Whatever you have to tell yourself Caddis, whatever you have to tell yourself....:lol:


----------



## DEDGOOSE (Jan 19, 2007)

GrizzlyBear said:


> Whatever you have to tell yourself Caddis, whatever you have to tell yourself....:lol:


Yeah and I am sure his Lady Gaga ring tone "alejandro" is for the kids as well


----------



## waxico (Jan 21, 2008)

Ministry? Monster Magent(friggin' LOVE em Dan)? KMFDM?
Wow. 

I picture Duvall and the Ride of the Valkeries in Apocalypse Now.
"Sombody shoot that Dink Greenhead"
"Yeah, good shot"

No "Fred Bear"?


----------



## Younggun (Oct 29, 2008)

Hank Williams Jr. - a country boy can survive. Or Ted Nudgent - Fred Bear


----------



## redneckman (Dec 7, 2005)

Fred bear--Uncle Ted
Thunderstruck--AC/DC
Nightmare--Avenged Sevenfold
Fire it up--Black Label Society

Just to name a few

Redneckman


----------



## duckhunter382 (Feb 13, 2005)

hillbilly deluxe, master of puppets(when I call them in it just feels right), then I sing my own version of rodeo which I change to duck hunting lyrics until I am staring down the barrel of buddies shotgun. lol ie: waders and mud ducks and blood the sound of a 12 gauge round, the white in knuckle the sound of a hail call just trying for the next go round.


----------



## ggrybas (Mar 11, 2005)

Usually too busy talking about our set-up for the morning! If the radio is on its probably a hunting cd or 100.7 WITL.

-Greg


----------



## Big Cans (Oct 25, 2007)

Just Got Lucky -- Dokken

Where Eagles Dare -Iron Maiden

Dio, Dokken, Maiden, Old Crue followed up by Kid Rock Live

Little different??


----------



## Mike L (Sep 8, 2003)

Tiny Bubbles.......Don Ho.....


----------



## anon12162011 (Jun 9, 2009)

Steve Hanover and the Duckmen - Cut 'Em All Jack
Waylon Jennings-Are you Sure Hank Done It This Way
AC/DC-Shoot to Thrill


----------



## anon12162011 (Jun 9, 2009)

TSS Caddis said:


> Either Ted Nugent Stranglehold or Dr. Dre Next Episode.
> 
> Next Episode is an inside joke from a waffle house in Alexandria Va on the way to N.C.


 
Man I forgot about Stranglehold...Great Tune too...
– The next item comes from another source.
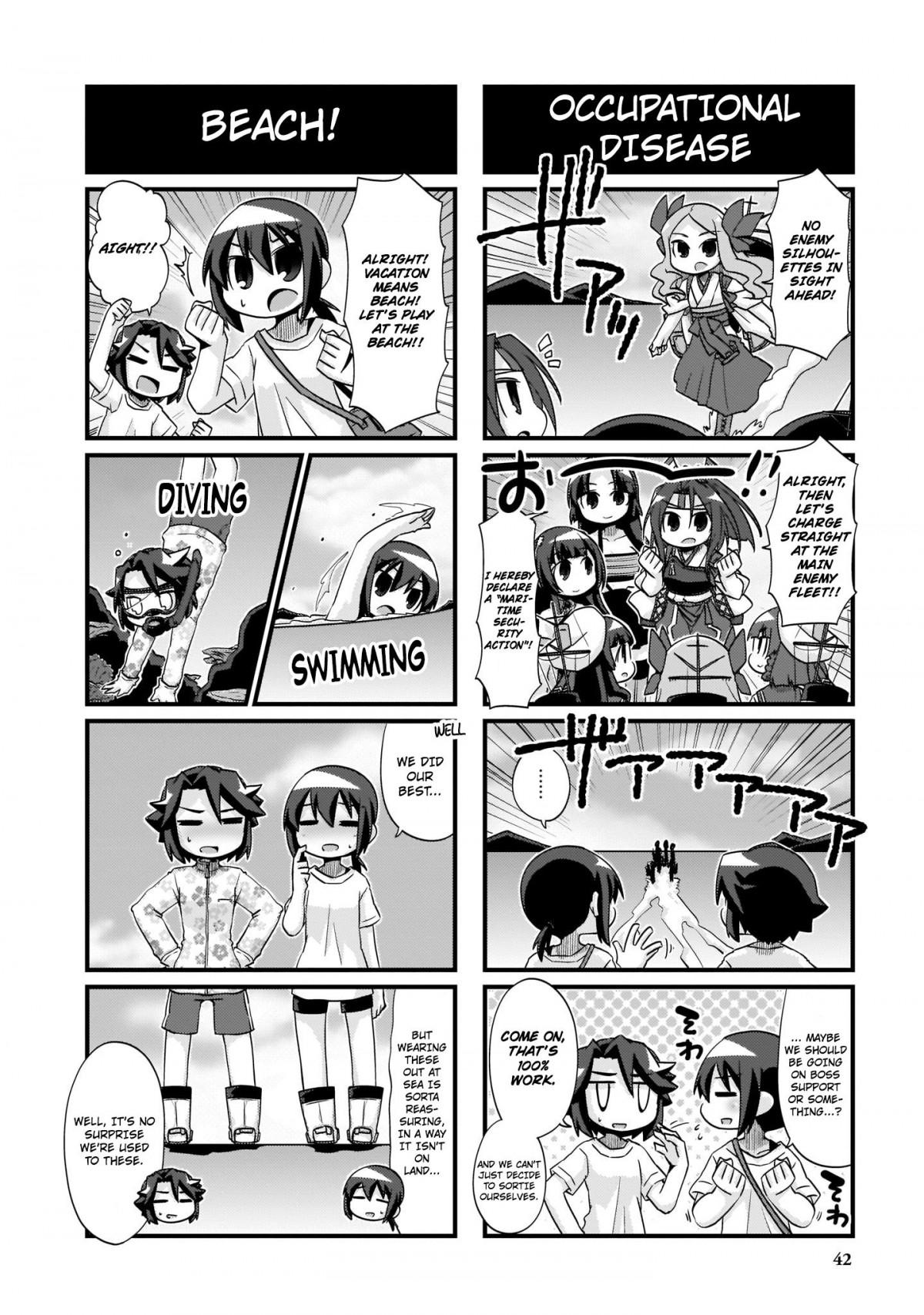 Kantai Collection -KanColle- 4-koma Comic: Fubuki, Ganbarimasu! - episode 238 - 3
Next Episode...HOLD UP, YEAAAAAA


----------



## chemo13 (May 10, 2006)

1812 Overature- Tchaikovski; No words are needed!


----------



## TGsupermag21 (Aug 3, 2008)

quackersmacker13 said:


> Im going to be playin some overly bass heavy dubstep for opening morning!
> 
> YouTube - Bassnectar - Bass Head (Official)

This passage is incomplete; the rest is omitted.